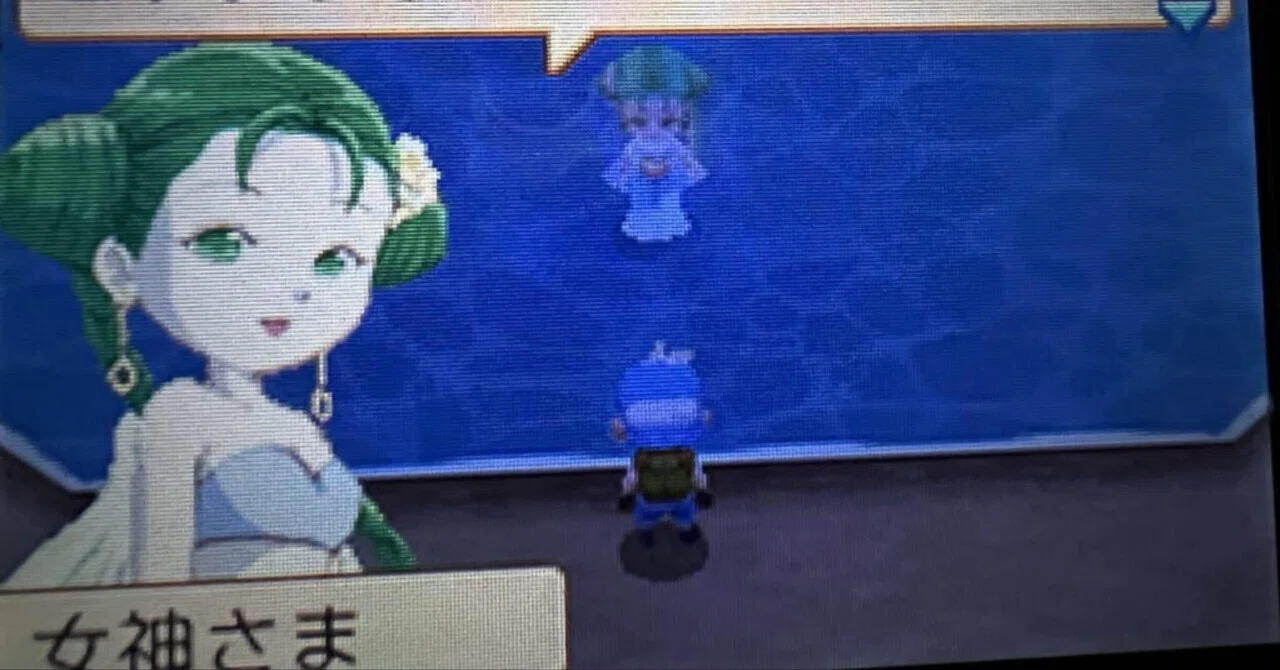 A report on my nearly complete playthrough of DS Harvest Moon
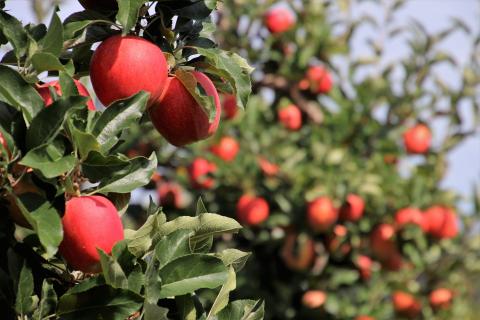 dwarf apple trees in orchard fall planting spring garden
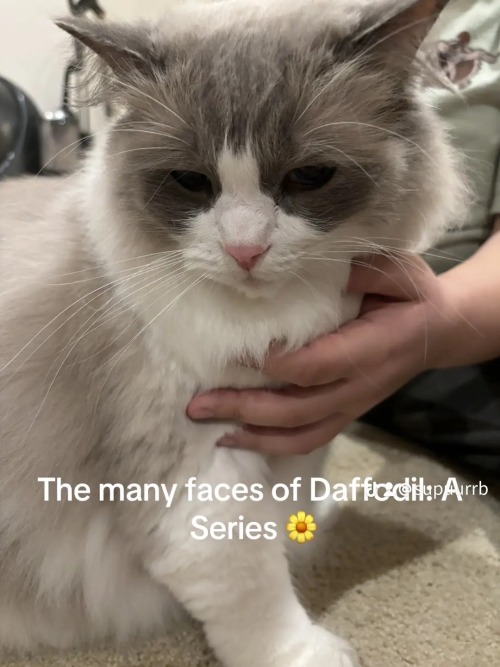 Important Photos Of Daffodil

#### TASK DESCRIPTION:
Print all of the data exactly, and do not carry over any pictures.

#### THE COMPLETED TASK:
 A report on my nearly complete playthrough of DS Harvest Moon
 dwarf apple trees in orchard fall planting spring garden
 Important Photos Of Daffodil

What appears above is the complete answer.